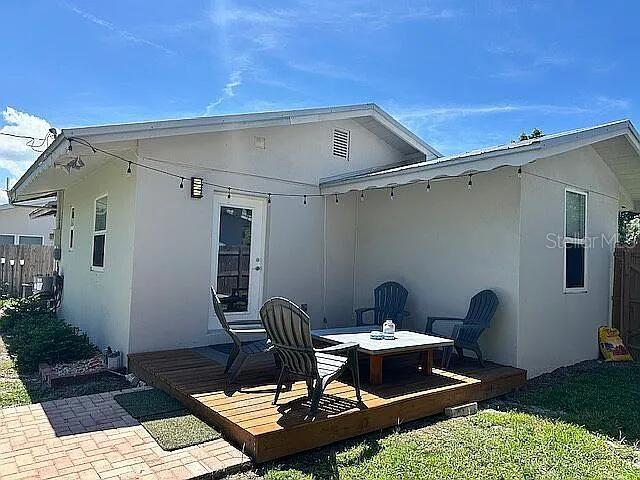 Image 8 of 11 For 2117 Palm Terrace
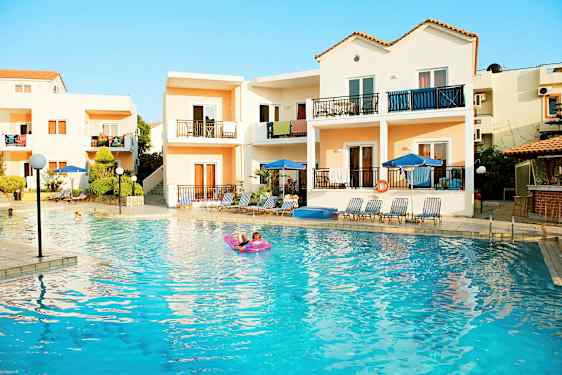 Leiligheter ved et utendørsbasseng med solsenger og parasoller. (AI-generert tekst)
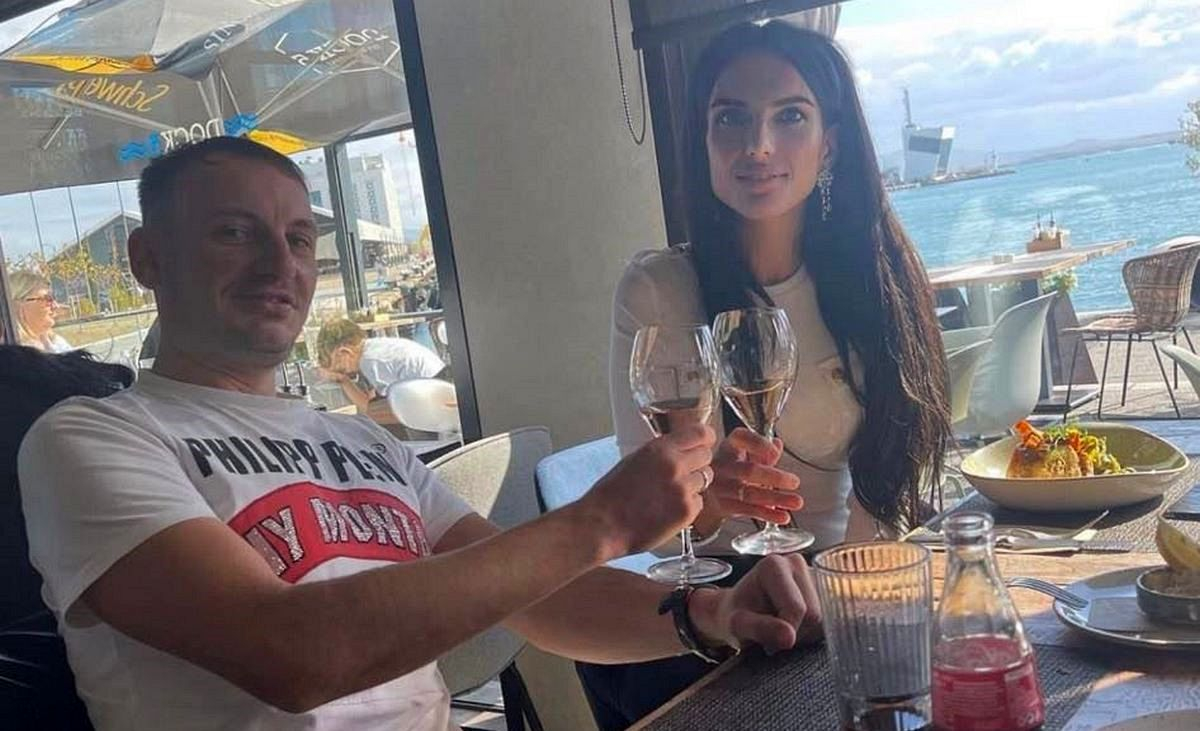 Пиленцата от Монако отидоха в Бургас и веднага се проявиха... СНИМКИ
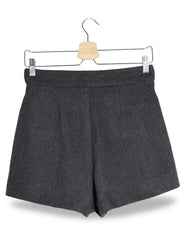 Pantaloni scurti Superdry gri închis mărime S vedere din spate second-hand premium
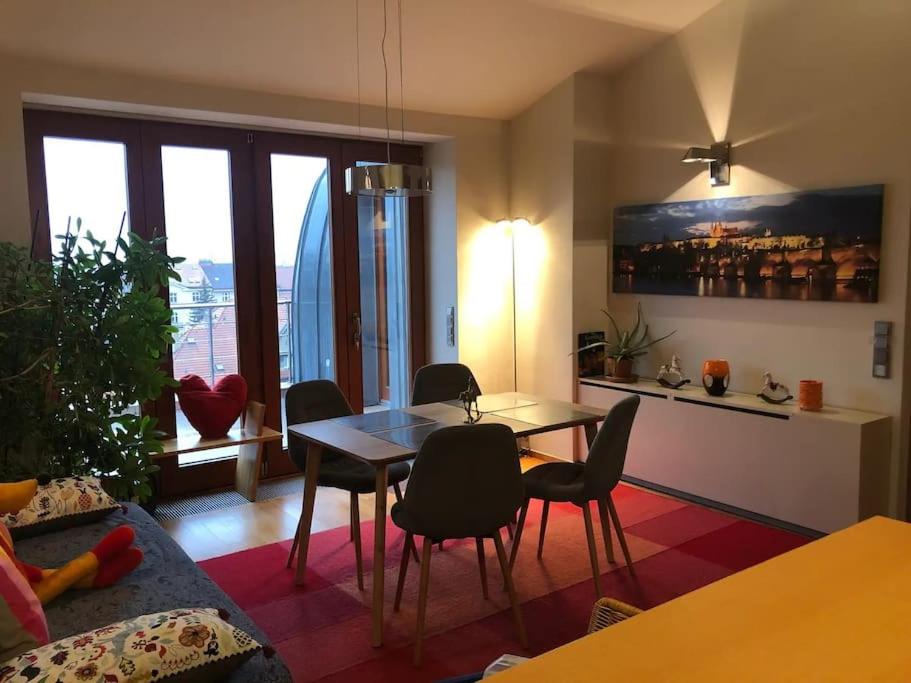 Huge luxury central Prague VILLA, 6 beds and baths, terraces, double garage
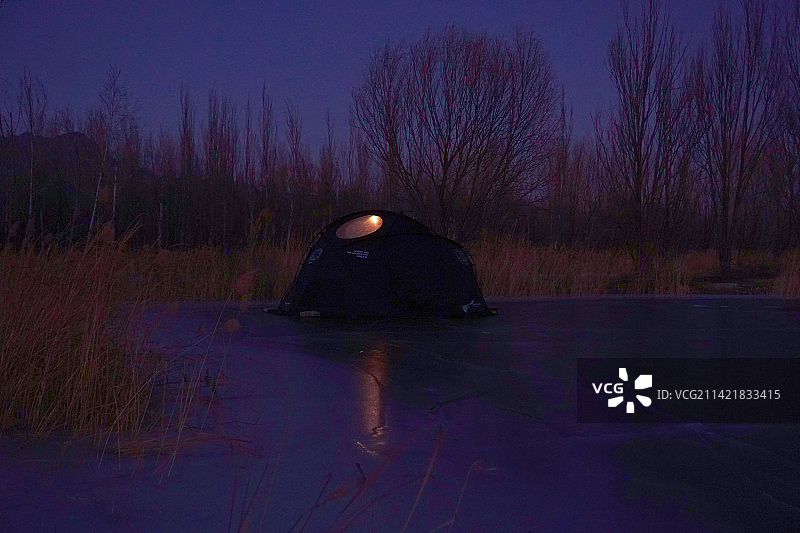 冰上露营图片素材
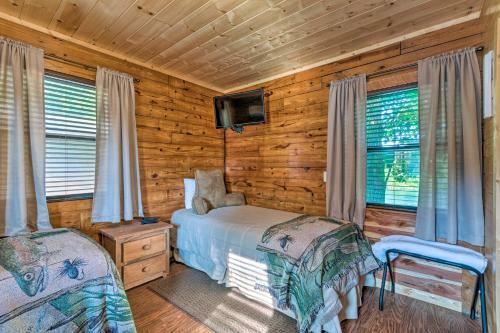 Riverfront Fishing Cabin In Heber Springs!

TASK TO CARRY OUT: Reproduce word for word the lines from the one containing "Leiligheter ved et" through the end of the data, both ends kept. Drop the pictures.

SOLUTION TO THIS PROBLEM:
 Leiligheter ved et utendørsbasseng med solsenger og parasoller. (AI-generert tekst)
 Пиленцата от Монако отидоха в Бургас и веднага се проявиха... СНИМКИ
 Pantaloni scurti Superdry gri închis mărime S vedere din spate second-hand premium
 Huge luxury central Prague VILLA, 6 beds and baths, terraces, double garage
 冰上露营图片素材
 Riverfront Fishing Cabin In Heber Springs!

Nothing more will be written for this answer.